Hinzu kommt die Infrastruktur der einzelnen Anbieter: ihre Cloud-Rechenzentren, Überwachungs- und Protokollierungssysteme sowie etwaige technische Subunternehmer. Es geht hier nicht darum, Katastrophenszenarien zu malen, sondern zu zeigen, dass selbst eine relativ kleine Organisation eine Menge Kommunikations-Metadaten hinterlässt, aus denen hervorgeht, wann die Arbeitsbelastung am höchsten ist, welche Projekte im Mittelpunkt stehen, welche Personen in der Organisation am stärksten in der Kommunikation verbunden sind und ob es plötzliche Veränderungen in der Aktivität gibt (zum Beispiel vor wichtigen Ereignissen).
Für die interne Sicherheit und den Ruf einer Organisation kann es wichtig sein zu wissen, wo diese Metadaten gespeichert sind, wer sie verarbeitet und unter welchen Bedingungen.
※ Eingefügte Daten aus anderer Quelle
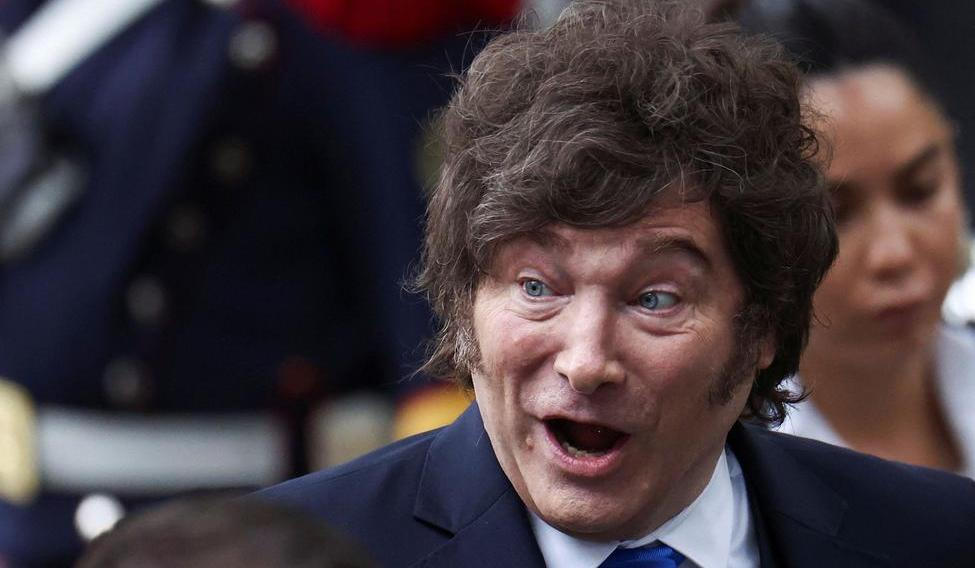 Argentina honours "Malvinas' War" victims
Wie man sinnvoll mit Kommunikationsmetadaten umgeht
Es geht nicht darum, sich mit digitalen Werkzeugen abzufinden oder dem Gefühl zu erliegen, dass „sowieso alles verloren ist“. Ein vernünftiger Ansatz könnte folgendermaßen aussehen. Erkennen Sie, dass die Metadaten der Kommunikation nicht nur eine technische Angelegenheit sind, sondern ein Teil des Bildes unseres Verhaltens. Achten Sie bei der Auswahl von Tools nicht nur darauf, ob der Inhalt der Kommunikation verschlüsselt ist, sondern auch darauf, wie der Anbieter die Erfassung und Speicherung von Verkehrsdaten beschreibt. Wann immer möglich, wählen Sie Lösungen, die Metadatensammlung minimieren, klar beschreiben, was protokolliert wird und warum, und dem Nutzer so viel Kontrolle wie möglich geben. Und bei wirklich sensiblen Themen sollten Sie andere Formen der Kontaktaufnahme in Betracht ziehen.
Kommunikations-Metadaten an sich sind nicht „böse“. Sie sind ein wesentlicher Bestandteil einer funktionierenden Infrastruktur. Problematisch wird es, wenn sie nicht bekannt sind, in unzureichendem Maße gesammelt werden oder in intransparenter Weise gehandhabt werden. Ein informationsfähiger Nutzer - ob eine Einzelperson oder eine Organisation - hat die Möglichkeit, sich in diesem Raum zurechtzufinden und Entscheidungen zu treffen, die seinem eigenen Verhältnis zur Privatsphäre entsprechen.
Die Informationen und Bewertungen in diesem Artikel beruhen auf öffentlich zugänglichen Quellen zum Zeitpunkt der Veröffentlichung und können sich im Laufe der Zeit ändern. Wir empfehlen, den aktuellen Stand der einzelnen Anwendungen direkt bei den Betreibern zu erfragen, bevor Sie eine Entscheidung treffen.